Drunken Karl Marx, responsible for nothing, created distinctions without differences. Part of his psycho-babble was “I stroll through the destruction a creator.” Setting classes against each other, that is, creating distinctions without differences, is an established tactic of the Communists, so said FBI’s J. Edgar Hoover, a loyal, trustworthy and moral American if there ever was one.

Von Mises’ 1951 refutation of the class divisions of Marxist Socialism entitled “Socialism” at page 299 states that, “Once it has been perceived that the division of labour is the essence of society, nothing remains of the antithesis between individual and society. The contradiction between individual principle and social principle disappears.”

In other words, not only is American individualism not antagonistic to society’s government, its miracle of freedom created the strongest government in the world in the history of mankind. And, the highest per capita income in the world ever since the 1830’s, as the late British economist Angus Maddison observed.

But for too many decades now, America has been moving away from founding principles of limited government and individual freedom.

So what are the common characteristics between Communism, the Koran and the administrative bureaucracies that destroy the fundamental Constitutional freedoms of individualism?

In short, each consolidates power. Both the Communist Manifesto and the Koran advocate gangs of indoctrinated who roam society and mete out “social justice”, if you will, as they find it. Bureaucratic agencies use Investigators who roam about or are tipped off by anonymous contacts. These three types of consolidated power get rid of the role of pesky lawyers, but they also combine a number of divisions of labor that are prohibited in our history by English Common Law as expounded by Wm. Blackstone. Only the administrative process attempts to hide the consolidation of power by having law-trained administrative law judges rubber stamp the steam-roller process in kangaroo court. But substantive (authentic) due process requires more. Much more.
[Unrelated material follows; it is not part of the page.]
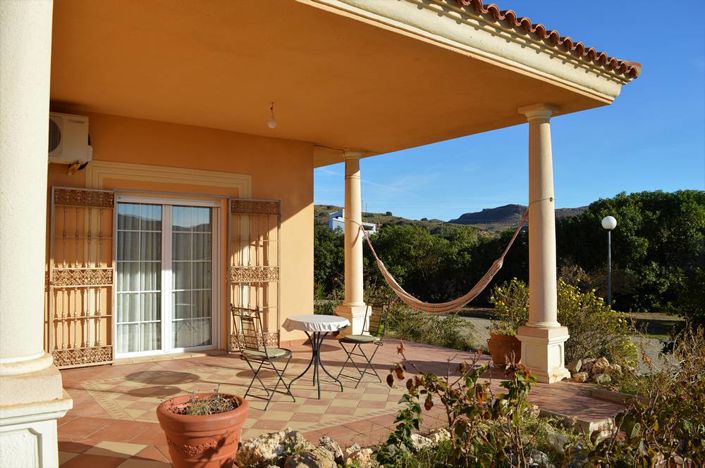 Image No.5-4 Bed Villa for sale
Everyone can inherently understand the reasoning behind the common law’s prohibition of the Sheriff also serving as the Judge as a conflict of interest. It is obvious that the Sheriff will not accuse and arrest unless the Sheriff is convinced of guilt. And the Judge is supposed to be impartial. If not, a Jury will stand between the individual and the government. Add the requirement that the laws be published in writing and come from an elected legislative body, and you describe the requirements of the Magna Charta.

But when Communists or radical Muslims grab, accuse and execute you, they act as Sheriff, Judge, Jury and Executioner. It’s more complicated than that in the administrative state. The agency Investigator, sees the offense, sends in the information, and by letter, the agency tells the accused of the fine for the violation. So the agency acts as both the Sheriff and the Judge. The agency has another agent contact the accused to work out a deal. Many times, a deal is struck because the agency offers to settle for a lesser amount now, but more if you exercise your Constitutional rights. But everyone in the agency acts as One on behalf of the agency.

The agency accuses you, sentences you, tries to work a settlement with you, then enforces the sentence. As a general rule in the legal system, the initial accuser cannot be anonymous. And the administrative rules are not created the same way a law is.

And as a general proposition in court litigation, there are ethical rules regarding attorney communications with the opposite party that do not apply in agency settlement “talks”. But with agency actions, you get no jury trial right, even on appeal to the Judicial branch. In fact, changing the process from an appeal to the Judicial branch to a review by the Judicial branch simply makes the Judicial branch an extension of the administrative law judge function.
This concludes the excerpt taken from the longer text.